**ABOUT THIS EXERCISE**:
Please set down each entry exactly, omitting any picture it holds.

▼

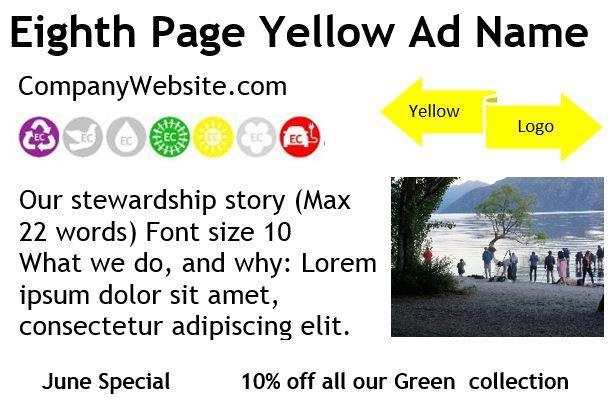 Yellow Ad Eighth Page 102 x 70.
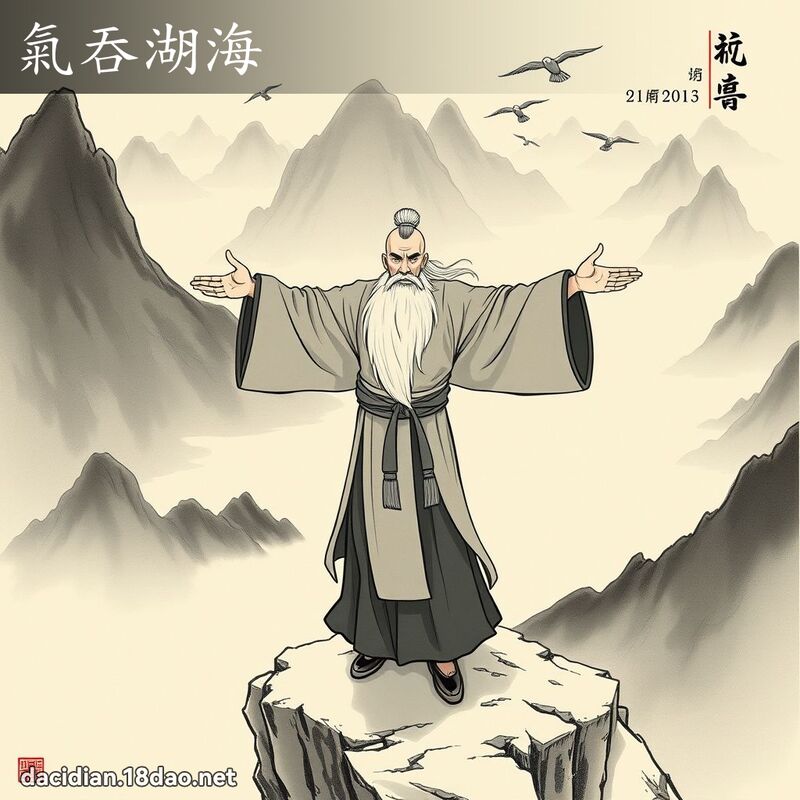 氣吞湖海 配图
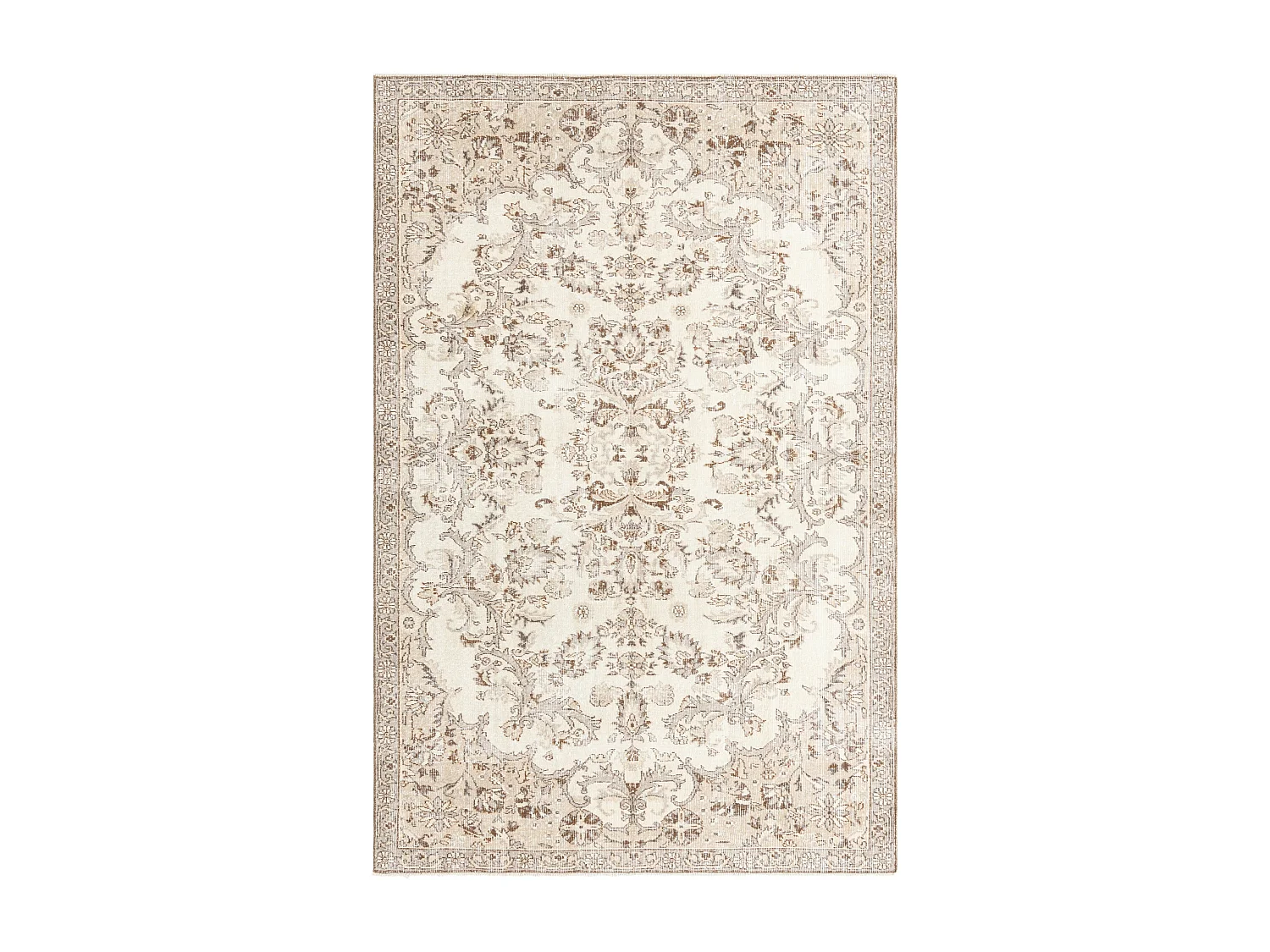 Tapis de laine 185x282 beige Ultra Vintage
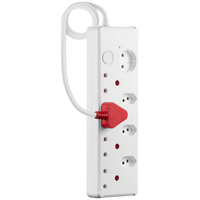 Switched Medium Surge 8-Way Multiplug 0.5m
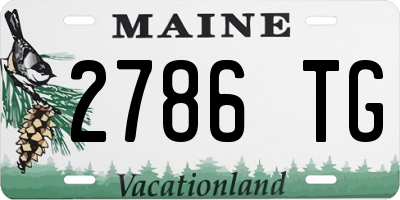 ME license plate 2786TG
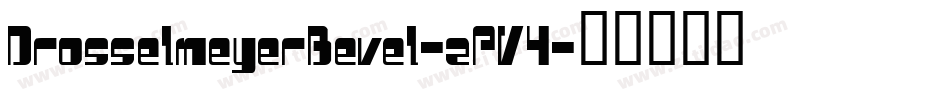 DrosselmeyerBevel-zPV4字体转换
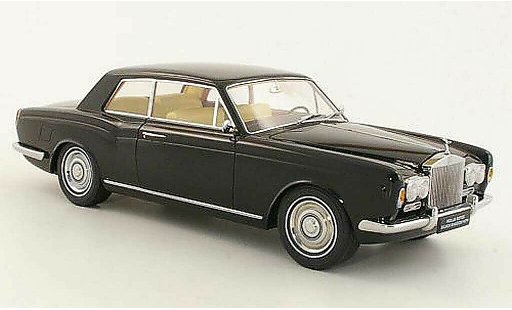 Rolls Royce Silver Shadow Mulliner Park Ward Coupe 1/18 Paragon Two-Door negro LHD 1968 coche miniatura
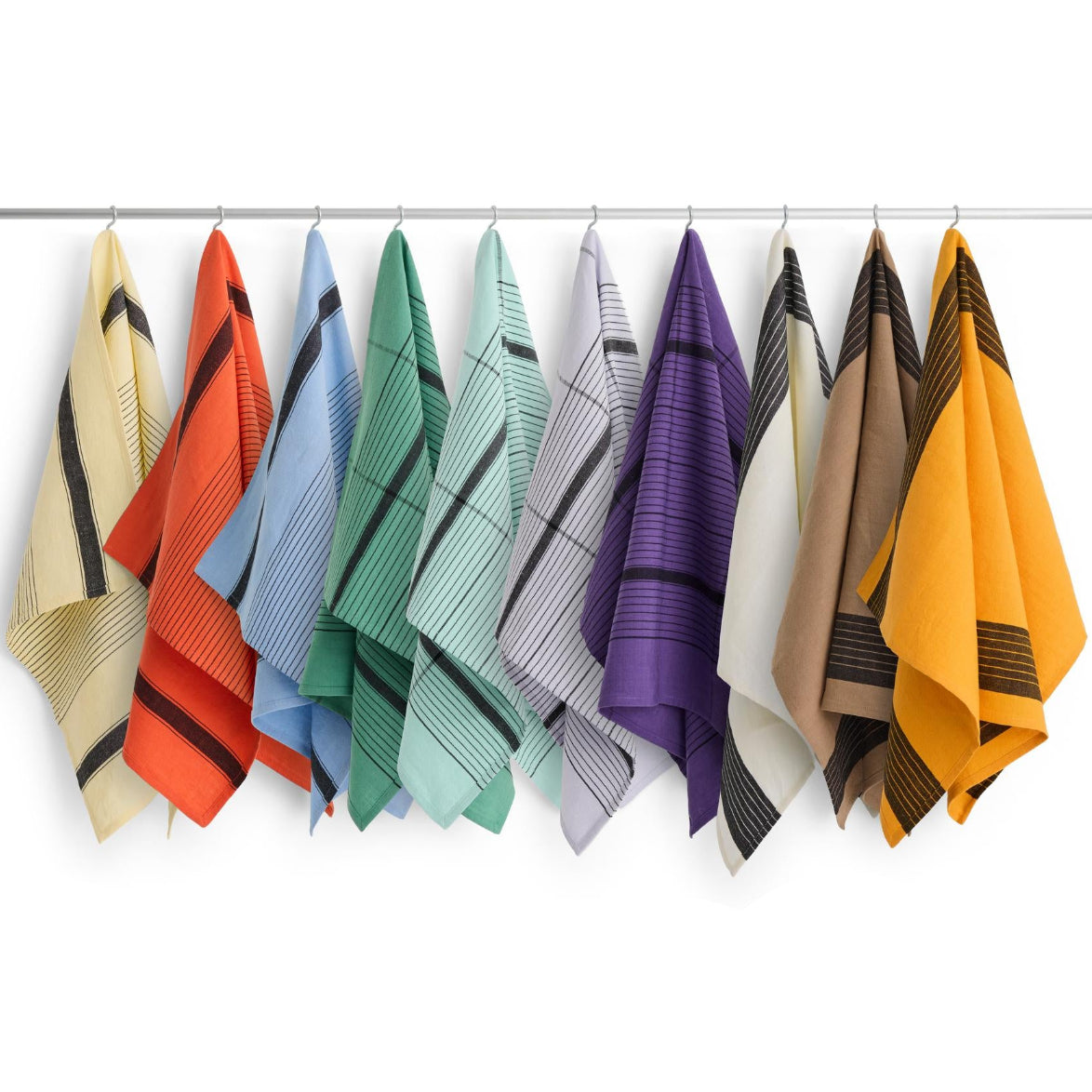 Linear Tea Towel, Cream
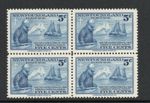 Newfoundland 1941 5c Grenfell's Mission in block of four SG 275 Mnh.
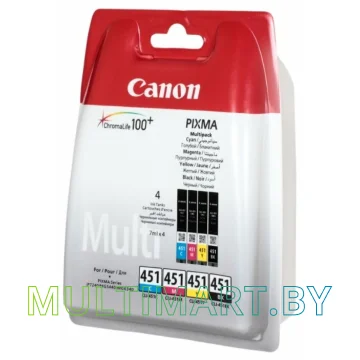 Набор картриджей Canon CLI-451 Multipack C/M/Y/BK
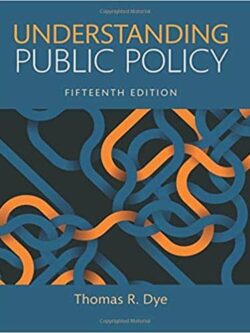 Understanding Public Policy (15th Edition) – eBook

▲

**RESULT FOR THIS TASK**:
 Yellow Ad Eighth Page 102 x 70.
 氣吞湖海 配图
 Tapis de laine 185x282 beige Ultra Vintage
 Switched Medium Surge 8-Way Multiplug 0.5m
 ME license plate 2786TG
 DrosselmeyerBevel-zPV4字体转换
 Rolls Royce Silver Shadow Mulliner Park Ward Coupe 1/18 Paragon Two-Door negro LHD 1968 coche miniatura
 Linear Tea Towel, Cream
 Newfoundland 1941 5c Grenfell's Mission in block of four SG 275 Mnh.
 Набор картриджей Canon CLI-451 Multipack C/M/Y/BK
 Understanding Public Policy (15th Edition) – eBook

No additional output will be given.